I am using python-docx to manipulate word documents. Here is what I currently have to modify text in normal paragraphs:

doc = Document('idk.docx')
for paragraph in doc.paragraphs:
    if "oldtext1" in paragraph.text:
        paragraph.replace("oldtext1","Something")
    if "oldtext2" in paragraph.text:
        paragraph.replace("oldtext2","Somethingelse")

If I want to modify the text in a table, I need to do the following

tables = doc.tables
for table in tables:
    for row in table.rows:
        for cell in row.cells:
            for paragraph in cell.paragraphs:
                if "oldtext1" in paragraph.text:
                    paragraph.replace("oldtext1","Something")
                if "oldtext2" in paragraph.text:
                    paragraph.replace("oldtext2","Somethingelse")

The code works fine and the text is replaced but the problem is that I am trying to replace ALL instances of the text in the document and I do not want to have 2 separate loops (1 for normal text in paragraphs and another for text in tables)

Is there an easy way to combine these loops so I do not have to have the same if-statements in 2 different loops?

You are looping over different things, so I don't see anything wrong with this code — OneCricketeer, Mar 15 '16 at 23:20
@cricket_007 I agree, although I would recommend putting the per-paragraph processing in a function to avoid code repetition — DaveBensonPhillips, Mar 15 '16 at 23:29
@HumphreyTriscuit - I was going to say that, but that's a personal preference and I wasn't sure both blocks would be the same — OneCricketeer, Mar 15 '16 at 23:30
@cricket_007: The code I currently have is fine but there are going to be a lot more if statements and i don't want them to exist in both sets of loops since they will be identical — Bijan, Mar 15 '16 at 23:37
@Bijan cricket is correct, though; your loops are fine.
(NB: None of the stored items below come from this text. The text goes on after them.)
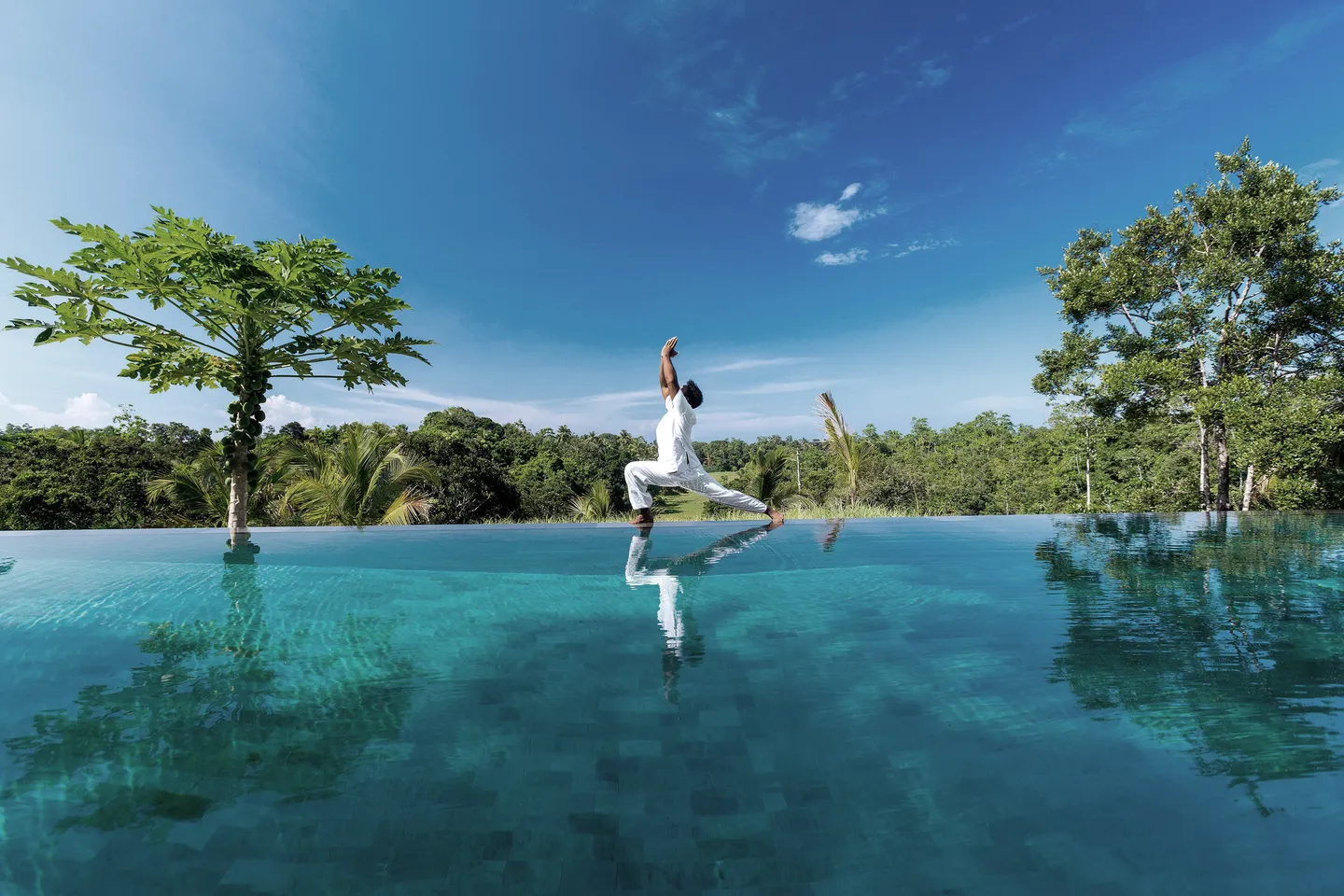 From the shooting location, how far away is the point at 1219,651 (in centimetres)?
219

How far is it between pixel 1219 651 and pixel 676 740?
225 cm

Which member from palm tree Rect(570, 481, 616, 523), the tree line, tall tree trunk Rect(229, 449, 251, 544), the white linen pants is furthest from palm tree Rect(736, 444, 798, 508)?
tall tree trunk Rect(229, 449, 251, 544)

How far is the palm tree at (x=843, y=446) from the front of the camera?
15227 mm

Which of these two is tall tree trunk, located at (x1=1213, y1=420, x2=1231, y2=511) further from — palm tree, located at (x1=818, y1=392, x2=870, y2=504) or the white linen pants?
the white linen pants

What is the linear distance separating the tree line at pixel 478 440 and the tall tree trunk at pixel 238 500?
0.07ft

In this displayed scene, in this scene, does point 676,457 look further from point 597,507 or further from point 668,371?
point 597,507

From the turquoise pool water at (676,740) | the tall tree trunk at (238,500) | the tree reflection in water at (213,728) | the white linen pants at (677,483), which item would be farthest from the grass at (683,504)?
the tree reflection in water at (213,728)

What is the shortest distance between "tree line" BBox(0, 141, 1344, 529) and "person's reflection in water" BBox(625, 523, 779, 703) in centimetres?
322

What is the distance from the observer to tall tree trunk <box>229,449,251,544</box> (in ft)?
18.6

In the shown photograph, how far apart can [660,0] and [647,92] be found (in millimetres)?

If you want fewer `if` statements then put that logic in a function and call it from each of your loops. — DaveBensonPhillips, Mar 15 '16 at 23:39

DaveBensonPhillips · Accepted Answer · 2016-03-16T02:30:45.883

3

I would just use a generator comprehension:

from itertools import chain

for paragraph in chain(doc.paragraphs, (paragraph for table in doc.tables for row in table.rows for cell in row.cells for paragraph in cell.paragraphs)):
    paragraph.replace("oldtext1","Something")
    paragraph.replace("oldtext2","Somethingelse")

Taking note that you don't need to do the lookahead check for paragraph.replace()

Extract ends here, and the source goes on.